Mit geringem Budget arbeiten James Wan und Leigh Whannell wohl am liebsten. Das "Saw-Team" arbeitet hier wieder zusammen in den gewohnten Rollen. Whannell schrieb das Drehbuch, Wan führt Regie. Leigh Whannell ergatterte sich zuletzt die Hauptrolle im Backwoodslasher "Dying Breed". Mit nur 20 Millionen Dollar in der Tasche, versuchen sie uns mit einem Geisterhorror Angst einzujagen. Aber jetzt mal ehrlich, das Genre ist zurzeit einfach überlastet, vor allem mit Remakes von japanischen Gruslern. "Dead Silence" bringt da keinen frischen Wind rein, ist aber schnörkellos inszeniert und zeitweise ganz schön gruselig.
Jamie Ashen (Ryan Kwanten) soll seine Frau Ella (Amber Valletta) ermordet haben. Kurz vor deren Tod bekam Jamie ein Paket ohne Absender, in diesem befand sich eine Bauchrednerpuppe aus Holz. Detective Lipton (Donnie Wahlberg) hält Jamie für schuldig, um seine Unschuld zu beweisen kehrt er zurück in sein Heimatörtchen "Ravens Flair". Dort bekommt er es mit dem bösartigen Geist von Mary Shaw zu tun. Mary trat einst im Theater mit ihren Puppen auf, als ein Junge spurlos verschwand, wurde sie grausam getötet. Seitdem spukt sie durch das kleine Ort, auch Jamie soll ihr Opfer werden.

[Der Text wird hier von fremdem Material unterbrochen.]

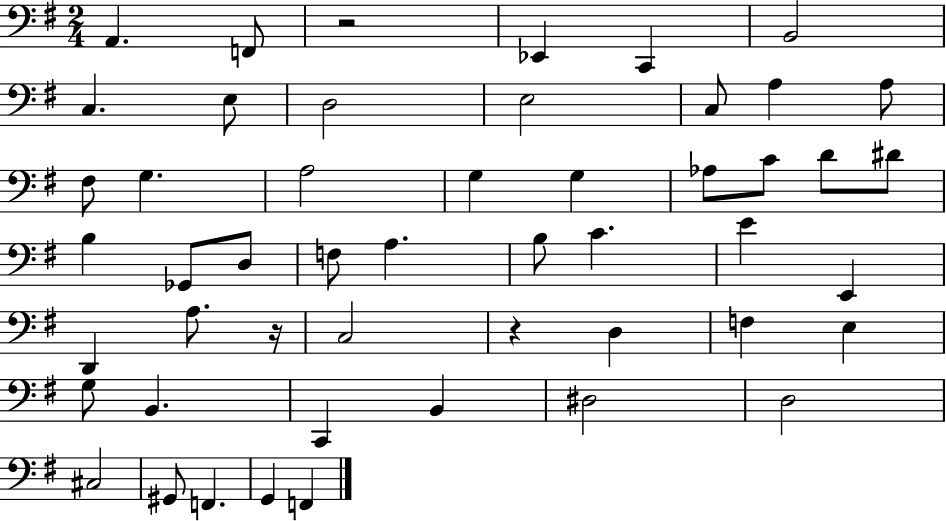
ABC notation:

X:1
T:Untitled
M:2/4
L:1/4
K:G
A,, F,,/2 z2 _E,, C,, B,,2 C, E,/2 D,2 E,2 C,/2 A, A,/2 ^F,/2 G, A,2 G, G, _A,/2 C/2 D/2 ^D/2 B, _G,,/2 D,/2 F,/2 A, B,/2 C E E,, D,, A,/2 z/4 C,2 z D, F, E, G,/2 B,, C,, B,, ^D,2 D,2 ^C,2 ^G,,/2 F,, G,, F,,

Der eigentliche Star von "Dead Silence" ist die graue, verregnete und neblige Kulisse. Sie wirkt gewollt monoton, es gibt keine freundlichen Bilder. Fast der komplette Film spielt in der Geisterstadt "Ravens Flair", noch viel bedrohlicher wirkt allerdings das verfallene Theater, in dem der Showdown stattfindet. Wan hilft mit vielen Nebelmaschinen und dunklen Filtern nach, um diese bedrohliche Optik zu erschaffen. Davon können sich viele Horrorfilme eine Scheibe abschneiden, auch beim Score. Der ist zwar nicht vielseitig, aber unheimlich.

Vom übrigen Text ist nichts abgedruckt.